At the Hortillonnages, a hybrid territory between garden, wasteland and cultivated landscape, Eyes Wide Cut resonates with the history of the Île aux Fagots, where wood gathered from the land was once bundled into faggots and transported by water by the hortillons. By working exclusively with naturally fallen trees, Emilie Breux extends this ancient gesture, one that remains respectful of living things. In this landscape shaped by water, earth and wood, sections of trees lie on the ground, sometimes clustered, sometimes scattered, as if left there by time. At first glance, the installation blends into the landscape. Then something unsettles the eye : certain sections, cut in two, reveal eyes. Watchful figures or sleeping presences, these gazes emerging from the grain of the wood lend these tree fragments an anthropomorphic dimension.
The title Eyes Wide Cut reinforces the idea of wound, of cut and irreversibility: a “cut to the quick” for a “raw gaze”. Wood becomes both subject and tool, raw material and language.

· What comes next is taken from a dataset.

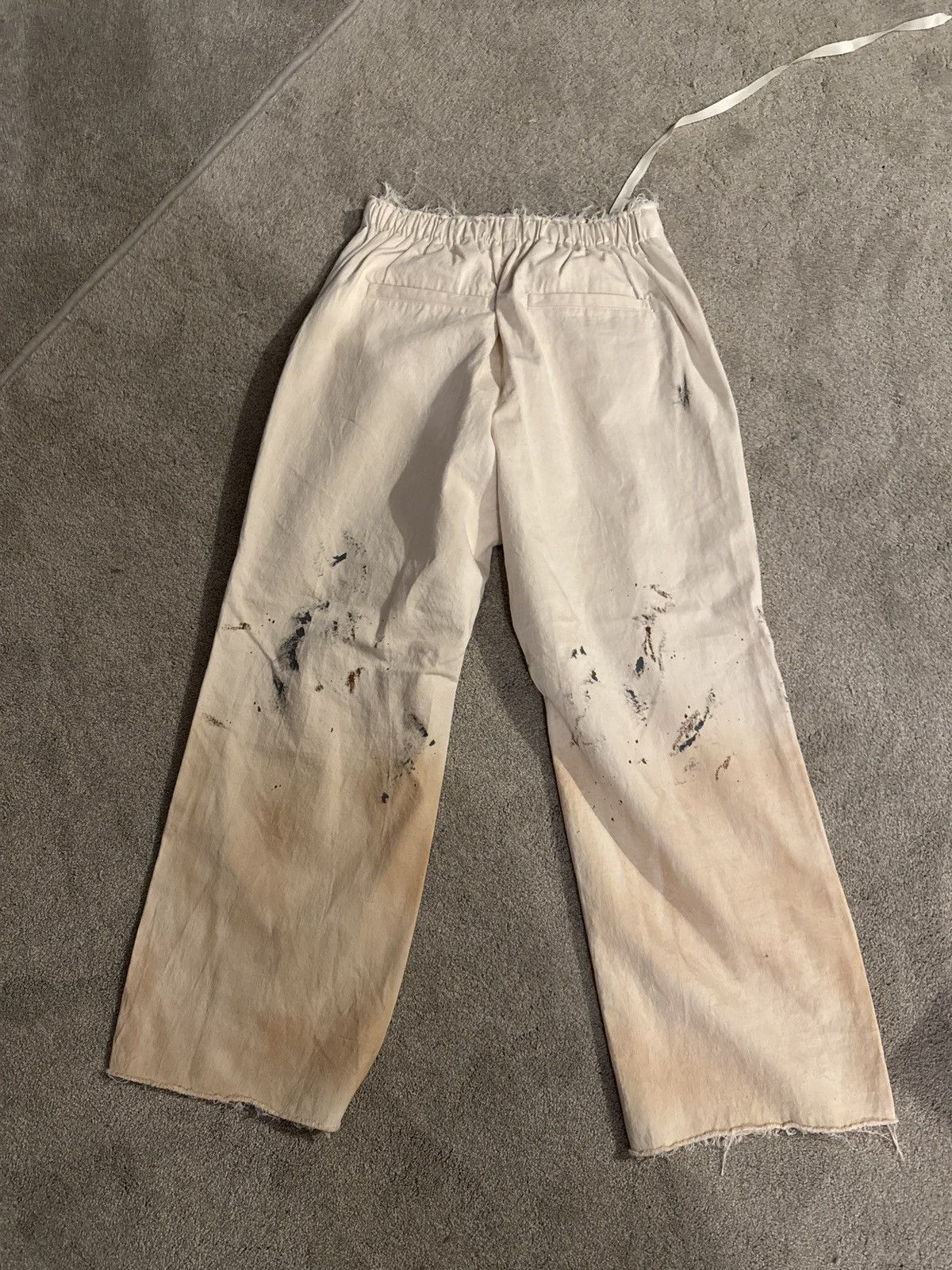 Individual Sentiments Cream Paint trousers Size US 33 - 4 Thumbnail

Through a precise act of marquetry, rigorous and respectful, the artist reveals a presence without imposing a form. The tree, though fallen and fragmented, seems to retain something living. It still watches. It keeps vigil. A confrontation takes place between the section and the marquetry, between the raw and the crafted, between the natural and the artificial, between the tree’s original verticality and its horizontal destiny as a work of art. Because we are no longer certain of their permanence, trees, once reaching upward toward the light, appear reduced to fragments : sectioned, displaced, transformed. Yet in Eyes Wide Cut, they are not reduced to silence. They become witnesses to the past, to the present imposed upon them, and to the future they seem to question. The gaze they direct at the visitor is an invitation to observe differently, to relinquish the assumption of a right of oversight over nature and to accept, perhaps, being looked at by it. A great protagonist of the living world and a marker rooted in the real, the tree can here become a passage into an imaginary world.
Eyes Wide Cut is a frontal work, the soul of a place, a guardian that draws the spectator into a sensory experience of time and space, offering a perspective on the ephemeral and on all that is perishable and fragile.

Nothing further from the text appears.